1. ## Physics - friction up a slope

Problem:
Lindsey's car is driving up a hill when her book bag, which she forgot on the roof, falls off. The bag has a mass of 19kg and slides up the hill 60 meters from its initial speed of 20m/s to rest. If the hill climbs at an angle of 30 degrees then what was the coefficient of friction?

My attempt:

Fn = 19*9.8cos30 = 161N

0 = 202 + 2a(60)
-400 = 120a
a = -3.33 m/s2

F = ma
F = 19 * -3.33 = 63.27N

Ff = μmgcosx
63.27 = μ19*9.8*cos30
μ= .393

Is this correct? Is the parallel component required in this case? In what cases is it required?

2. ## Resolving forces

Hello Intrusion
Originally Posted by Intrusion
Problem:
Lindsey's car is driving up a hill when her book bag, which she forgot on the roof, falls off. The bag has a mass of 19kg and slides up the hill 60 meters from its initial speed of 20m/s to rest. If the hill climbs at an angle of 30 degrees then what was the coefficient of friction?

My attempt:

Fn = 19*9.8cos30 = 161N

0 = 202 + 2a(60)
-400 = 120a
a = -3.33 m/s2

F = ma
F = 19 * -3.33 = 63.27N
Originally Posted by Intrusion
Ff = μmgcosx
63.27 = μ19*9.8*cos30

μ= .393

Is this correct? Is the parallel component required in this case? In what cases is it required?
Thanks for showing us your working.

The diagram shows the forces acting on the book.

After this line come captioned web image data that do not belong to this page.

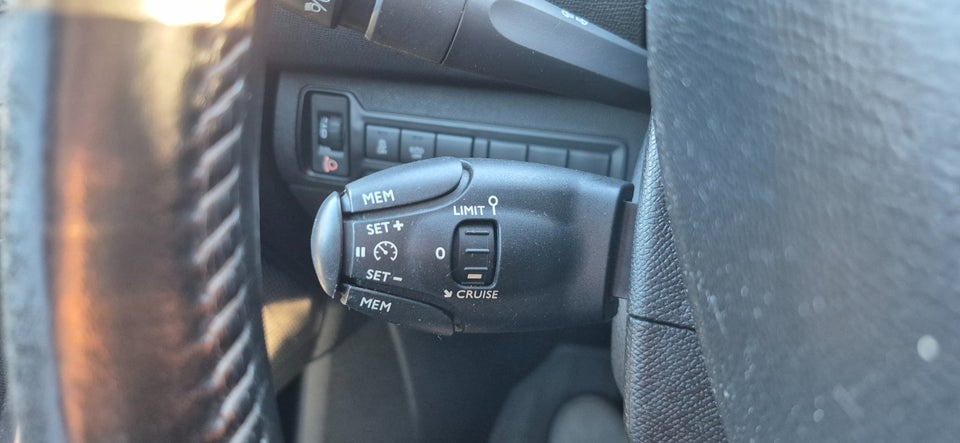 Peugeot 308 1,6 BlueHDi 120 Active SW 5d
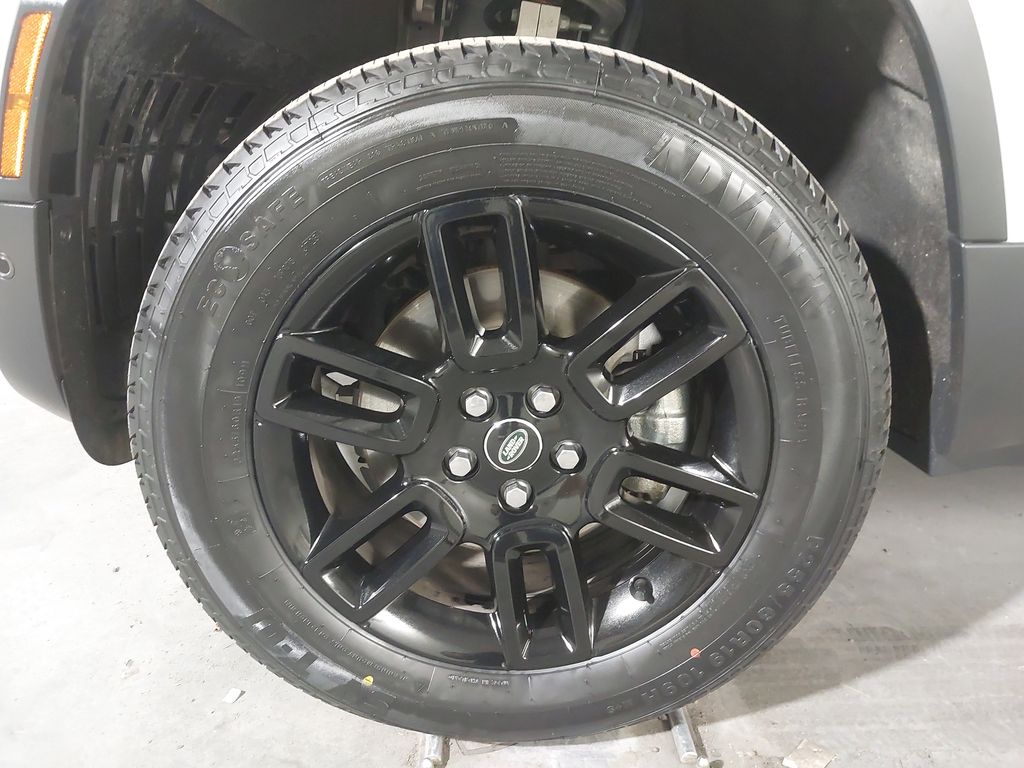 2025 Land Rover Defender 110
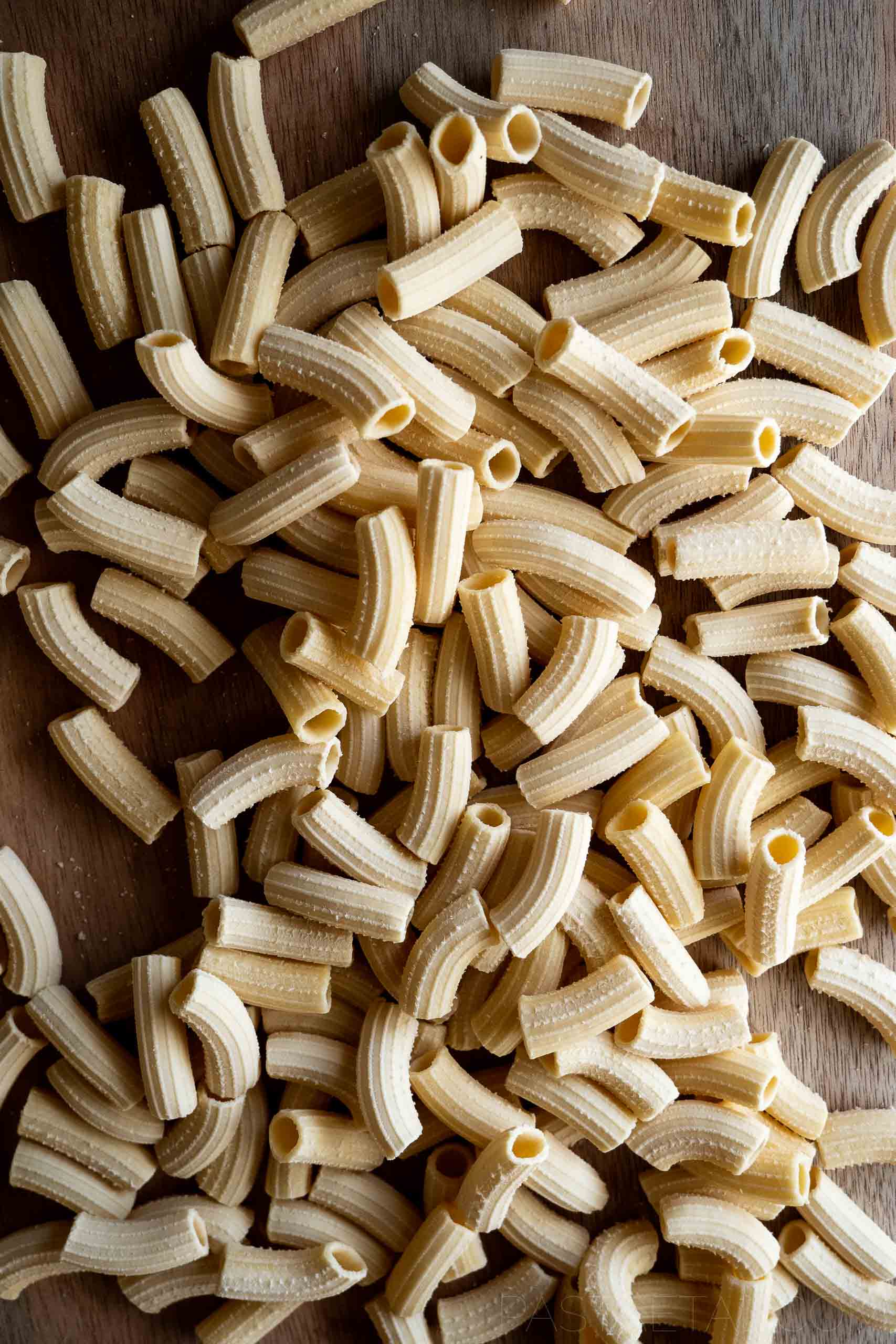 Rigatoni with Veal and Eggplant Meatballs in Tomato Sauce  Rigatoni al  Pomodoro con Polpetti di Vitello e Melanzane - Pasta et Al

Resolve at right angles to the plane:

$\displaystyle N - mg\cos 30^o = 0$

So your first equation is correct.

And you have correctly calculated the acceleration (although you have rounded off a bit too much; the answer is more accurately 63.33.)

But when you resolve down the plane:

$\displaystyle F + mg\sin 30^o = ma$

So your 'friction force' equation is wrong. You need to take the component of the weight into account.

Can you complete it now?